While Steve Jobs was changing the world, I was working at a large number of companies on a really large number of projects. I flatter myself that my diverse background gives me a rare perspective on engineering innovation and what it takes to be successful. More specifically, I firmly believe I understand the critical components of failure. You see, most of the companies for which I worked no longer exist. There are several traits common to this pile of failures – and these are exactly the challenges Apple will face without the leadership of Steve Jobs.
- Lack of honesty – especially internally. Lying to yourself about schedules (to “motivate” the engineers), about potential sales volumes (being “optimistic”), and about needed functionality (“that feature will be in the next release”) are all poisonous to corporate morale and product success.
- Chasing the market instead of anticipating where the market will be by the time the product is ready. This usually occurs when the person in charge is afraid of being wrong about where the market is headed. Risk aversion leads to a defensive posture in the market (i.e. the loser).
- Playing market catch-up. Usually because of number 2, a competitor has a “must have” feature your product doesn’t have. To many managers this means – “rush something with this feature quickly to market”.
- Cost. Yes, money can be saved by leaving off a couple of buttons – but perhaps, though not required, they are desirable. Yes, wrapping the product in black velvet costs more than brown shipping paper – but it looks really good. Far too many executives are just not very good at knowing when a few extra pennies buys a lot – so they go as cheap as possible.
- Quality. I’ve seen so, so many companies ship junk. Important people say it is time to ship, so the junk gets shipped.
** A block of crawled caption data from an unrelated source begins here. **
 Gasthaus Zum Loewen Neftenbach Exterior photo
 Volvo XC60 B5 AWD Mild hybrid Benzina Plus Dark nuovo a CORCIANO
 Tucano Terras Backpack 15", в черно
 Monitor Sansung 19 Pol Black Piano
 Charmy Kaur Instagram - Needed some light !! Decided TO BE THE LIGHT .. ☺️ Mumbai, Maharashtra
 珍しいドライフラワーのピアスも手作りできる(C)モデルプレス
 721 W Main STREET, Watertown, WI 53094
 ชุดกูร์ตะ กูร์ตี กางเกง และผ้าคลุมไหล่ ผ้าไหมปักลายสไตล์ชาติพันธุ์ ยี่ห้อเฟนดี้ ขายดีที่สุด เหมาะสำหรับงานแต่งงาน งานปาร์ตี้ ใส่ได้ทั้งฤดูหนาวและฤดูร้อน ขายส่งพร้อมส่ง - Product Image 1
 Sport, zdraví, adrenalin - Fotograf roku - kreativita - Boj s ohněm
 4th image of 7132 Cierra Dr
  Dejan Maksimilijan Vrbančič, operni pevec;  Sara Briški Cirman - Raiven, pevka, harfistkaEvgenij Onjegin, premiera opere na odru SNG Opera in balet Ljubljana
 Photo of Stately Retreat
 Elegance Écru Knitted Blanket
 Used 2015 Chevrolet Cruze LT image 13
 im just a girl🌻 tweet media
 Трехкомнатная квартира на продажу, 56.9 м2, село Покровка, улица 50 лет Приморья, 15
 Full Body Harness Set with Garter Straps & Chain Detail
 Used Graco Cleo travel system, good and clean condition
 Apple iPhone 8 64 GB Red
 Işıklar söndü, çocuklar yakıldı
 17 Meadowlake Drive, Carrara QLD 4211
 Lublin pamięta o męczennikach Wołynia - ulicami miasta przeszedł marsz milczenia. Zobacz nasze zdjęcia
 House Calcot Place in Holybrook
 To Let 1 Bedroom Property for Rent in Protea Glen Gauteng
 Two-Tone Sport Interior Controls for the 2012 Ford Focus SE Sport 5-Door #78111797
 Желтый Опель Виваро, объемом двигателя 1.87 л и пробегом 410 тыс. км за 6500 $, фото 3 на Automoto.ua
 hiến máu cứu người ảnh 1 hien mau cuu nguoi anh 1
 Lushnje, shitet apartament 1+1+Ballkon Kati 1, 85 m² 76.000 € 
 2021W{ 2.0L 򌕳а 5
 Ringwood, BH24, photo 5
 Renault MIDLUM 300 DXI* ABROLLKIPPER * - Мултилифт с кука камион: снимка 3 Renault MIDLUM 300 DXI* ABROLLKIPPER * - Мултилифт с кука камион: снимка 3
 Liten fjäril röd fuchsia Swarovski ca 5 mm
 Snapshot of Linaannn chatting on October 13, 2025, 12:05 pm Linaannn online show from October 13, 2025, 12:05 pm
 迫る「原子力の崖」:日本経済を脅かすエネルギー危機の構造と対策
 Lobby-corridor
So very few executives have the patience to get it right
Rest in peace Steve.
The secrets of your success are hidden in plain sight; but few will ever find them.

Thanks for your thoughts.
I think, if Jobs teached the managers of Apple well, I see no problems for Apple future.
Actually the Apple way sounds a bit like the Japanese Kaizen:Sell a product where _all_ the features work, and continue to develop noew features for the next release.
Instead many companies try to get out a product with _all_ possible features (the competing product has) and don’t care if they work correctly.
Just my two €-cent
Your background sounds like mine, most of the companies I worked for are now gone. To go beyond that, most of the projects I worked on never saw the light of day. My stuff worked, somebody up the chain changed their mind or didn’t know what they wanted in the first place. People are viewing Steve Jobs as one of the smartest people who ever lived and though I’m sure that he was smart, he didn’t design hardware or software. As far as I know he didn’t “make” anything. When I first tried a MacIntosh I thought it was the stupidest piece of garbage I had ever seen. I was used to CPM and DOS. The processor and the memory coupled with a floppy disk drive made the Mac useless as it was… then. With the software we have now coupled with the processing power we have a DOS model wouldn’t work. We have to have a GUI interface. I think that Steve Jobs was a smart, stubborn, and REALLY LUCKY man. I don’t know why a $250 mp3 player is that much better than a $50 one or why their tablet is brilliant when others that came before were stupid trash. Nothing explains it except brilliant marketing, snob appeal, new processing power, and incredible luck. I would have used a Mac a long time ago if it was close to the same price as a PC and lately I have tried running software on a PC that required me to run several operating system updates to use and one install wouldn’t occur until another was done first but that update won’t load because it thinks the update was already done and refuses to do it again. Now maybe I’m ready for a Mac. I’d try Linux but in a lot of ways, they are still DOS machines.